A Wave of Colorful ‘Coral’ Fungi Is Washing Over Wales
The magenta-colored blooms are rare but easy to spot.
One afternoon this October, as the light was fading along the coast of Wales, botanist Trevor Dines found treasure in an ancient pasture. It wasn’t an old Viking relic or rare coin, but an almost gaudy fungus. It looked as though a piece of coral had been plucked from some tropical reef and transplanted to the less-colorful grasslands of Wales. “We were about to give up on the search when I noticed it nearly under my feet,” Dines writes in an email. “Thankfully I didn’t actually trample.”
The fungus in question, aptly named the violet coral, is a relatively uncommon sight in the United Kingdom. People report sightings a few times each year in northern England and Scotland, and Dines, who works for the charity Plantlife, had never seen it before. He’d been searching all day, in hot pursuit of not only violet coral, but also a bevy of other bizarre fungi that have popped up in the UK this year. A wet spring, warm summer, and rainy autumn have turned Welsh meadows into reefscapes.
Beyond merely looking out of place, the violet coral is rare due to its persnickety growing requirements, Dines says. The fungus, like other vibrant waxcap fungi, grows best in ancient pastures, which is the British term for grassland that has not been plowed, sprayed, reseeded, or fertilized for decades. Ancient, species-rich grasslands like this once sprawled across England and Wales, but nearly 97 percent were lost in the 20th century, according to a 1987 study in Biological Conservation. The small pastures that do remain tend to be fields that are too steep or small for intensive development with fertilizers and pesticides, though the occasional grazing pony may wander through.
In northern Wales, where Dines lives, pristine patches of pasture are common, but they’ve all but disappeared from lowland England, Wales, and Scotland, he says. And when weather conditions are less than ideal, meaning a dry spring or summer, fungi remain underground, with no above-ground blooms in the fall. As a result, it’s difficult to find violet coral unless you’re actively looking for it.
In full bloom, violet coral lasts anywhere from a few days to a week, Dines says. “Some years it appears, usually it doesn’t,” he says. Luckily for enthusiasts, rare fungi often grow together. On the path where Dines and other botanists spotted the violet coral, they also spotted a number of other fungal oddities: crimson waxcaps, oily waxcaps, and smoky spindles. (Waxcaps are another variety of gilled fungi.) These grew alongside the more commonplace, but no less jubilantly named, honey waxcaps, snowy waxcaps, and parrot waxcaps. “It’s quite a colorful community!” Dines says.

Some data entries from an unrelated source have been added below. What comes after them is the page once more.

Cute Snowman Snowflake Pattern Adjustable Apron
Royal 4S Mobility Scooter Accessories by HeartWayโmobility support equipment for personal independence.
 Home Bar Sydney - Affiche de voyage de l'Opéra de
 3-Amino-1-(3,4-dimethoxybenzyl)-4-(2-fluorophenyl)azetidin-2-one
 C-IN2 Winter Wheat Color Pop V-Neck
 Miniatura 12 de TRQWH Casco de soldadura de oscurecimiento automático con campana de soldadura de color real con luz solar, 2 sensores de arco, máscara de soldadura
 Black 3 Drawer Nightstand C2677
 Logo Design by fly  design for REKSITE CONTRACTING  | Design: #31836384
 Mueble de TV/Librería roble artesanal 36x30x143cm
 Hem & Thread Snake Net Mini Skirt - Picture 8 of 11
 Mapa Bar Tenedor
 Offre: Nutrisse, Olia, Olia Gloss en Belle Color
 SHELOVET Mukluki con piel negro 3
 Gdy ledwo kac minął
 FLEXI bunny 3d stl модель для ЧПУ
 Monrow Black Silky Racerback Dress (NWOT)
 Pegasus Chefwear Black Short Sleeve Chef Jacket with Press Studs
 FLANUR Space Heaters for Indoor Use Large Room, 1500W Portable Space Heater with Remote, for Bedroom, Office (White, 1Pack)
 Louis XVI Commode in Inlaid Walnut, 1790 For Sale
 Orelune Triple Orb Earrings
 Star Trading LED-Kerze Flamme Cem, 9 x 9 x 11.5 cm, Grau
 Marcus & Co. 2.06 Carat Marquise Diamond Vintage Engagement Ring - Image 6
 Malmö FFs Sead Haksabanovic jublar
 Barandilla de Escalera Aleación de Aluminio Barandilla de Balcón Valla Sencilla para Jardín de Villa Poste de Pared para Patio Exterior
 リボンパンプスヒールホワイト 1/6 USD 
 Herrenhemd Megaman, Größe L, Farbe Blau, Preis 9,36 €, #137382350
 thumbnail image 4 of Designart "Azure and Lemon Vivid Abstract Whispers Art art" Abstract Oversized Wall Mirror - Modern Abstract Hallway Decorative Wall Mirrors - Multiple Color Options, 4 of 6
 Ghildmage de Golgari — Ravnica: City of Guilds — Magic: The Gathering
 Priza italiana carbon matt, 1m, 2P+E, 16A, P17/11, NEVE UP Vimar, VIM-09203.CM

Elsewhere in the United Kingdom, an even stranger fungus has popped up this year. Devil’s Fingers, an invasive variant of stinkhorn fungus that smells like putrid meat and resembles the tentacles of a blood-red octopus, were spotted in Kent in October by a member of the Avon Wildlife Trust. “It appears to have been introduced to Europe with military equipment during the First World War,” Dines says, adding that there have been fewer than 100 sightings since the fungus was discovered. “Some people speculate it may be spreading with climate change, but as a relatively new arrival it’s likely to still be finding its own place here, popping up in sites where it’s happy.”
As temperatures continue to cool, there will be many more opportunities for fungus-hunting in the UK. At the top of Dines’ list is the incredibly rare jack-o’-lantern fungus, a bioluminescent mushroom whose gills begin to glow orange at night when its spores are ripe. They grow around the base of tree trunks. “There are just a handful of records so it’s not something I’m likely to stumble across,” Dines says. But even if they are rare, the fungus’s colorful body means it’s almost impossible to miss.
Dines has some advice for would-be fungi-spotters. Go for walks in nature, he says, and look out for a fungal bloom in damp, less-trodden slopes and fields. “It could pop up anywhere,” he says. “This is the joy of fungi.”